As always, I welcome your comments below.
Thanks to American Airlines delaying my Thursday evening flight home by 6 hours, I pulled an all-nighter and was able to follow the Brexit returns and morning-after impacts from London in real-time. I immediately dashed off a piece for US News. It went live this weekend. Given the history-in-the-making nature of this vote – and its impact on all the issues on which I write and teach – I wanted to share it with you right away.
Below is an expurgated version for quicker reading; to read the complete version, The End of Democracy as We Know It, click here.
Many observers are interpreting Britain’s vote to leave the European Union in much the same terms as Donald Trump. “Basically, they took back their country. That’s a great thing,” Trump said.
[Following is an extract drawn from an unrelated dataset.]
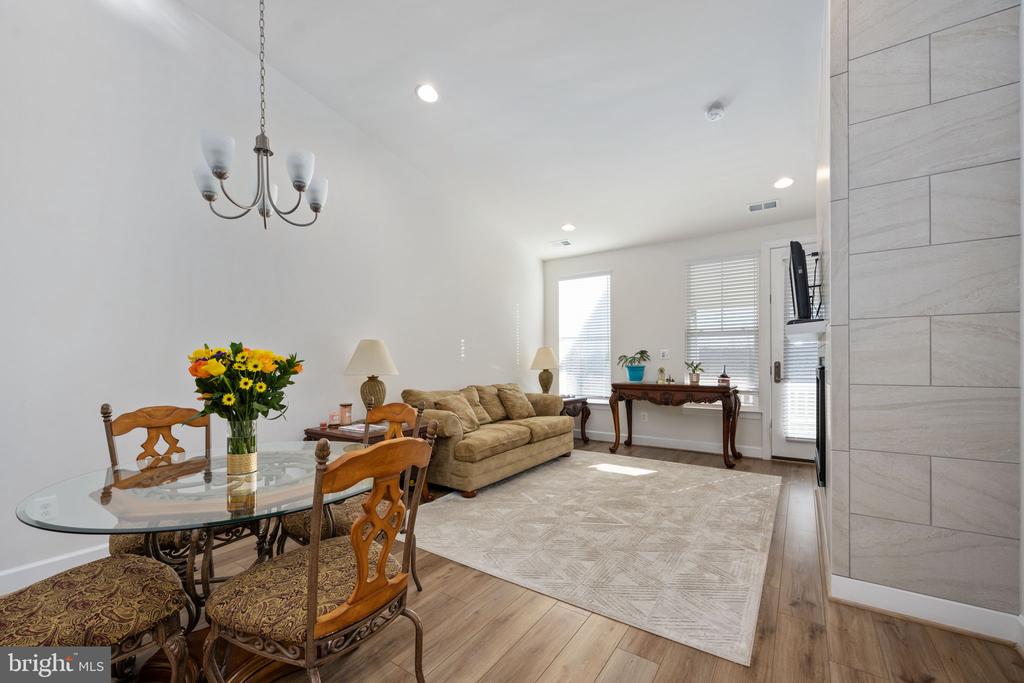 245 Smokebush Dr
In a written statement, he went on that the British “have voted to reassert control over their own politics, borders and economy.”
The British vote indeed may be a good leading indicator of where elections are headed in the U.S. later this year and in Europe the next – but what it indicates for the longer term is probably exactly the opposite of what these commentaries, and insurgents like Trump, Marine Le Pen in France, and the Brexiteers, represent.
Britain has taken the first step in tearing apart one of the world’s major transnational organizations. It’s clear that others will soon follow and that the “Leave” vote in Britain was driven by the same anti-globalization, anti-immigration anger that has swept over not only the whole of Europe but also our own country. So, at first blush, these would appear to be – as Trump and others have heralded it – the first waves of reasserting national sovereignty and the firmness of borders (not to mention border walls).
Think again. The waves are cracking and demolishing all walls, not building them up.
The immediate effects of the Brexit vote include not only calls for further nation-state exits from the EU, but also resurgent sub-national claims to exit from their nation-states. The Scots – who voted overwhelmingly to Remain – almost tore Britain apart two years ago and are now almost certain to do so by 2018. They are not alone.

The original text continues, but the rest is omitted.